20231008 記
働く人たちにとって最も重要なことのひとつは、働くことそのものへの動機付けだと思います。つまり「自分は何のために働くのか?」と問われたときに、どう答えるか、という問題です。
もちろん「生活の糧をえるため」という答えがあって(答えであって)も良いと思います。自分や家族のより安心で快適な暮らしのために一所懸命に働く、という動機付けがベースにあって良いとは思います。
ではそうしたベースの動機付け要因がある程度以上に満たされた場合には、さらに何が働くことへの動機付けになるのでしょうか…筆者が同じことを問われたら、「働くことを通じて実現される価値のために…」と答えると思います。

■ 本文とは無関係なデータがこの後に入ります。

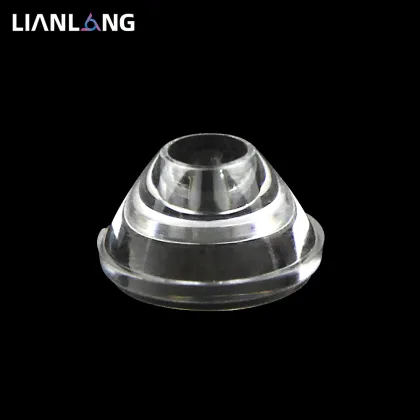 LED lighting lens Flashlight lens optical lens Custom Optical Lens plastic optical led lens Plastic COB lighting lens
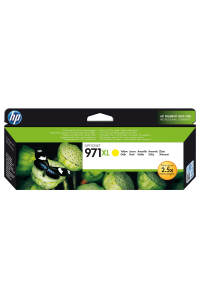 HP 971XL High Yield Yellow Original Ink Cartridge Obrázok pre HP 971XL High Yield Yellow Original Ink Cartridge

かつて筆者の部下であった人は「仕事を通じて自分の成長を実感することが、自分にとっての最大の動機付けです」と言ってくれました。「人間的にも社会的にも成長すること」が「働くことを通じて実現される価値」のひとつだと思います。
世の中には自らの利得を一切顧みず、例えば「人々の自由や平和や幸福」の実現のために献身的に働いている人たちがたくさんいます。そうした人たちにとっては「より多くの人々の自由や平和や幸福の実現」が最大の動機付けであるはずです。
では筆者自身は…親元を離れてひとりの職業人として立つことが若いころからの動機付けでした。いわゆる大企業に就職して満足のいく地位や報酬を得て、自分や家族の安定した生活を築くことが動機付けでした。
しかし大企業や大組織に依存して働くことと、一人の職業人・社会人として立つこととの間には大きな違和感がありました。もちろん不安感も大きく、筆者の場合は定年後にようやくその思いを実現することが出来たように思います。